# Training Reinforcement Learning Agent
This notebook contains all the necessary code to train different policies and compare them to analyze the performance of the agent.

## Imports and global settings
The following section imports all necessary modules to train the agent and sets global settings.

In [1]:
from monte_carlo_eval import eval
import pandas as pd

Afterwards we remove and add a directory which is used to save the metrics for a trainings-run.

In [2]:
!rm -r ./performance-logs
!mkdir ./performance-logs

The following lines of code set the global parameters for the Monte Carlo simulation. The parameters are:

In [3]:
num_episodes = 10_000
checkpoint = 200

Lastly, the following method performs the evaluation and saves them into dataframes for further analysis.

In [4]:
def addMetrics(map, epsilon, checkpoint, df_total_times, df_epoch_times, df_overall_performance, df_checkpoint_effectiveness):
    # Evaluate the performance of the agent
    total_time, epoch_times, overall_effectiveness, checkpoint_effectiveness = eval(map, epsilon, num_episodes, checkpoint)

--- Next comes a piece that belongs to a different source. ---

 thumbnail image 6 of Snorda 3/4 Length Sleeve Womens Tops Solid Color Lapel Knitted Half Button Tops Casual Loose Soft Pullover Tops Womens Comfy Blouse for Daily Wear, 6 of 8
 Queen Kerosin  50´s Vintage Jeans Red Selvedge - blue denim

    # Add the performance metrics to the dataframes
    df_total_times = pd.concat([pd.DataFrame([[map, epsilon, total_time]], columns=df_total_times.columns), df_total_times], ignore_index=True)
    df_overall_performance = pd.concat([pd.DataFrame([[map, epsilon, overall_effectiveness]], columns=df_overall_performance.columns), df_overall_performance], ignore_index=True)
    for i, epoch_time in enumerate(epoch_times):
        df_epoch_times = pd.concat([pd.DataFrame([[map, epsilon, i+1, epoch_time]], columns=df_epoch_times.columns), df_epoch_times], ignore_index=True)

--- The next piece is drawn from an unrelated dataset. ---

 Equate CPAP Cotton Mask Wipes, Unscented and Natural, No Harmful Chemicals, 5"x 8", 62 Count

    for i, epoch_time in enumerate(checkpoint_effectiveness):
        df_checkpoint_effectiveness = pd.concat([pd.DataFrame([[map, epsilon, (i+1)*checkpoint, epoch_time]], columns=df_checkpoint_effectiveness.columns), df_checkpoint_effectiveness], ignore_index=True)
    
    return df_total_times, df_epoch_times, df_overall_performance, df_checkpoint_effectiveness 

## Map 1
This section performs the evaluation of the reinforcement agent for `maps/map1.txt` for epsilon `0.9`, `0.7` and `0.5` respectively.

In [5]:
df_total_times = pd.DataFrame(columns = ['map', 'epsilon', 'total_time'])
df_epoch_times = pd.DataFrame(columns = ['map', 'epsilon', 'episode', 'epoch_time'])
df_overall_performance = pd.DataFrame(columns = ['map', 'epsilon', 'overall_performance'])
df_checkpoint_effectiveness = pd.DataFrame(columns = ['map', 'epsilon', 'episode', 'checkpoint_effectiveness'])

In [6]:
map_name = "map1"

### Epsilon 0.9

In [7]:
df_total_times, df_epoch_times, df_overall_performance, df_checkpoint_effectiveness = addMetrics(map_name, 0.9, checkpoint, df_total_times, df_epoch_times, df_overall_performance, df_checkpoint_effectiveness)

100%|██████████| 10000/10000 [42:14<00:00,  3.95it/s] 
  df_total_times = pd.concat([pd.DataFrame([[map, epsilon, total_time]], columns=df_total_times.columns), df_total_times], ignore_index=True)
  df_overall_performance = pd.concat([pd.DataFrame([[map, epsilon, overall_effectiveness]], columns=df_overall_performance.columns), df_overall_performance], ignore_index=True)
  df_epoch_times = pd.concat([pd.DataFrame([[map, epsilon, i+1, epoch_time]], columns=df_epoch_times.columns), df_epoch_times], ignore_index=True)
  df_checkpoint_effectiveness = pd.concat([pd.DataFrame([[map, epsilon, (i+1)*checkpoint, epoch_time]], columns=df_checkpoint_effectiveness.columns), df_checkpoint_effectiveness], ignore_index=True)


### Epsilon 0.7

In [8]:
df_total_times, df_epoch_times, df_overall_performance, df_checkpoint_effectiveness = addMetrics(map_name, 0.7, checkpoint, df_total_times, df_epoch_times, df_overall_performance, df_checkpoint_effectiveness)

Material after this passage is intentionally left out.